2.0 virgule 61 /// 16/4/14
traduction: nous blessons les autres seulement parce que nous ne nous aimons pas… apprendre à s’aimer soi-même changera notre relation avec le monde entier… – Bryant McGill
quelle évidence que de s’aimer soi-même non ? tellement simple à dire et à comprendre mais oh combien complexe à mettre en application… s’aimer un peu, beaucoup, la plupart du temps, tout le temps, une fois pour toute, inconditionnellement…
car on peut bien s’aimer une fois de temps en temps, surtout quand on fait des bons coups et que l’on peut être fier de soi, mais s’aimer quand on fait des gaffes, quand on blesse les autres, quand l’hiver s’éternise, quand on est down… beau défi…
aimer les autres comme soi-même car au fond…

eh oui vous et moi, la même chose, même affaire me and you, même besoin tiguidou, la même cible d’amour, la même source d’amour… tous et toutes des poussières d’étoile… que des corps différents mais tous et toutes dans la même grande ball game… grande partie de coeurs en l’air la vie… avec nous tous et toutes dedans… avec cette grande game qui se déploie aussi en nous… tous et toutes dans le même bateau… attention aux récifs…

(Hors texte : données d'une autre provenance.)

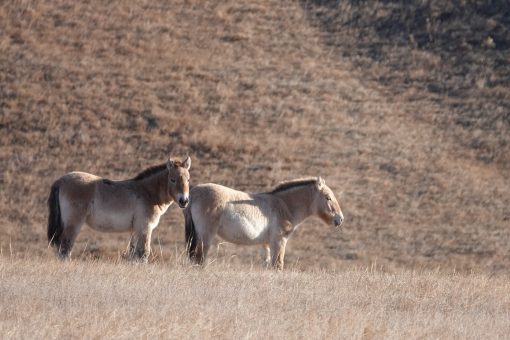 Mongolia Adventure Tour, Przewalski Horses, Takhi, Hustai Nuruu NationaL Park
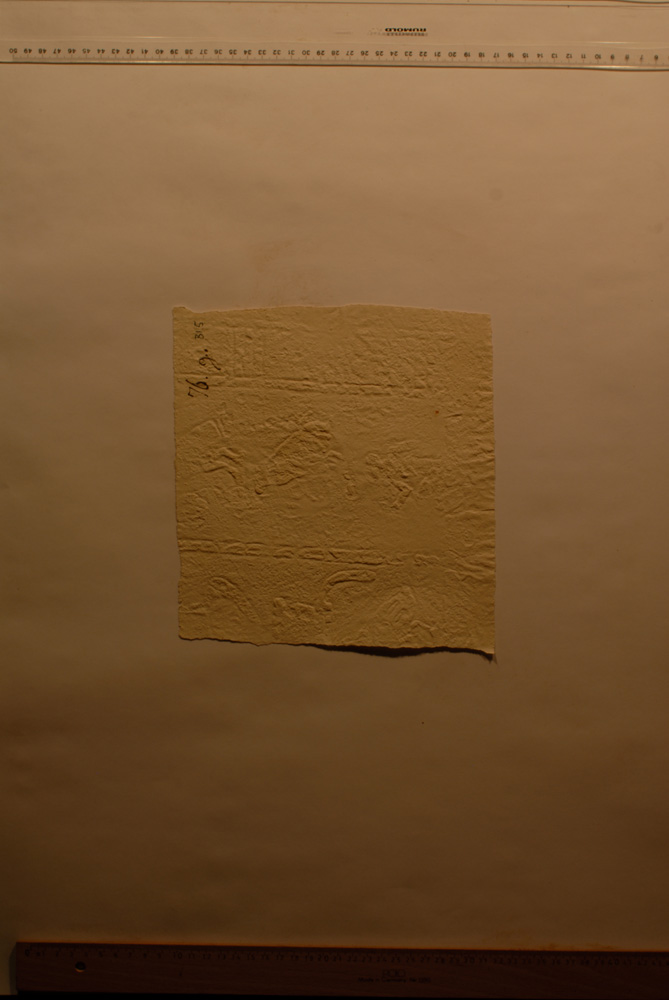 Squeeze: Site: Giza; view: G 8674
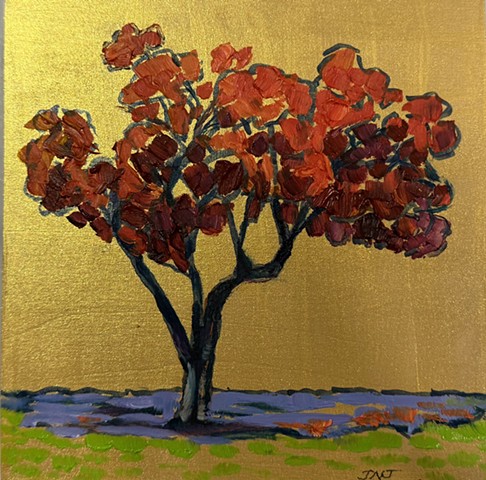 Japanese Maple, Ledger, North Carolina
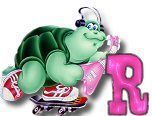 ttttortue-85757-18.jpg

autre évidence: quand on est bien avec soi, on aime le monde entier… même les pas fins et les pas fines qui sont ceux et celles qui ont le plus besoin d’amour, de beaucoup d’amour… pourtant, souvent pas facile de les aimer ces bibittes qui font souvent tout pour qu’on les rejette… faces à claques, airs bêtes, faces de boeufs…
donc s’aimer soi-même pour aimer le monde, simple à dire, pas si simple à faire… mais en même temps, la seule affaire à faire…
mais c’est quoi s’aimer soi-même ? comment on fait ça ? un mode d’emploi quelque part ?
car souvent on est si dur(e) avec soi, souvent les plus exigeants envers soi-même… et nous qui pensons pouvoir aimer les autres en faisant l’épargne de l’amour de soi… bon chance…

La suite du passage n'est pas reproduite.